Our reading of the Egyptian press this month takes us to the first issue of the new Cairo independent weekly al-Youm al-Sabei (The Seventh Day) which printed an article by the poetess Fatma Naout under the title “Christian…but good”. Naout commented on the phrase many Muslims use when talking about a Copt: “He [or she] is Christian, but a good person”.
Presupposed
“How many times do we catch ourselves using this phrase to describe a Coptic friend, doctor, trader, or whoever. The trouble is that it is not the extremists who exclusively use this phrase, but all of us without thinking. It has become part of our accumulated folk heritage. Even highly-educated persons and intellectuals—those who rushed to call for abolishing the religion box from identity documents and the second article, which stipulates Islam as the State religion of Egypt and Islamic jurisdiction the main source of legislation, form the Constitution—unwittingly use this phrase.” Naout ended by asking herself: “Where are you heading to, dear Egypt?” We join Naout in her lament, especially that many Copts have taken to using a parallel phrase “Muslim…but good” to denote Muslims. It is heartbreaking that Egyptians should presuppose that a fellow Egyptian belonging to another religion should be ‘bad’, then wake up to the realisation that he or she is nevertheless ‘good’.
Matter of faith
The same issue of al-Youm al-Sabei included an article by the poet and prominent liberal Ahmed Abdel-Moeti Higazi under the title “Coptic is our language and Arabic as well”. Higazi criticised as fanatic the notion that Coptic was the language of Christian Egyptians alone and that, worse, Arabic was exclusively Muslim. He called for teaching Coptic, with pride, in school.
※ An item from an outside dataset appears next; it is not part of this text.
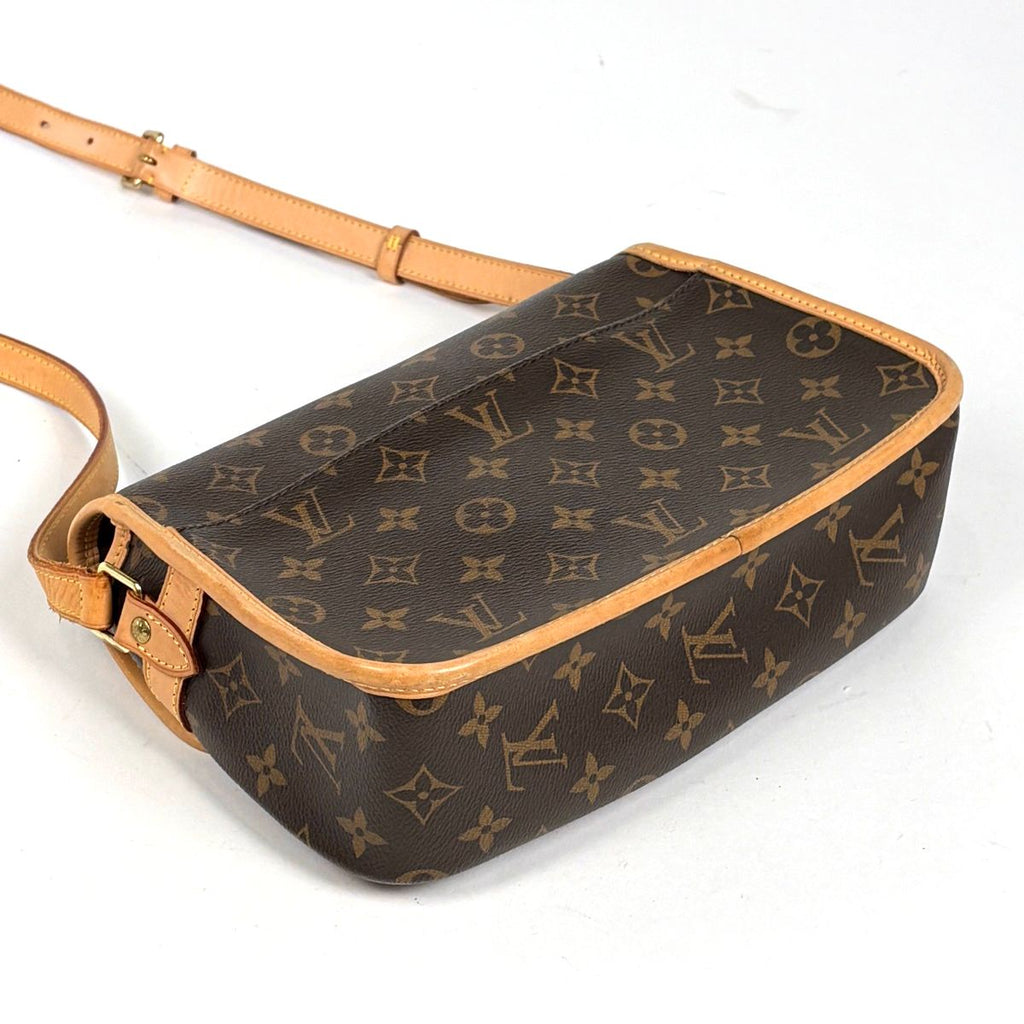 Louis Vuitton Sologne Crossbody Shoulder Bag Monogram Brown — view 2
However, Higazi went on to tackle a topic which took him to the thorny issue of faith. With the aim of emphasising that Coptic heritage is an extension of the ancient Egyptian, he cited as evidence the Coptic language and Coptic arts. Then he made a comparison between the Egyptian goddess Isis and her son Horus and St Mary and her son Jesus; both Isis and St Mary had their sons through the Holy Spirit, he points out. Higazi may have meant to imply that the ancient Egyptians’ beliefs were sublime enough to border on heavenly beliefs, or that they were well prepared to embrace Christianity when they were told of it. His words, however, might be understood to imply that Christian beliefs have their roots in pagan cultures, an argument which Christians categorically deny.
Commendable
In its 12 October issue, Watani printed a news article informing of a two-month course on Coptic Studies offered by Tanta University in its free study section beginning this November, the first such move by an Egyptian university. In his column “A Free Pen” in the daily State-owned Rose al-Youssef, Hany Labib commented that no paper other than the Coptic-owned Watani had bothered to report on this news, a fact which he found amazing. Labib remarked that Tanta University had, in offering this course, taken a courageous move that warranted commendation. Several attempts had already been made to have courses in Coptic Studies offered in Egyptian universities, but efforts to do so had always been aborted, he said. Labib said the step should be a first that would lead to many others, and that he hoped Coptic heritage would be accorded the special niche that it warrants among Egyptian academia.
The ‘saint’
It was with extreme shock that I read a remark by Egypt’s prime footballer Abu-Treika as reported in the weekly independent al-Tariq (The Way). Abu-Treika, who is famed for preaching Islam to fellow players and has a reputation of being ultra pious, is nicknamed “the saint”. When asked by the press why he made no donation to help the victims of the devastating Muqattam Hill rockslide which occurred last month he answered, “Because they are mostly Copts”. Despite the fact that Abu-Treika must have been poorly informed since the rockslide victims were Muslims not Copts, how is one to regard ‘humanitarian’ effort that discriminates on basis of religion?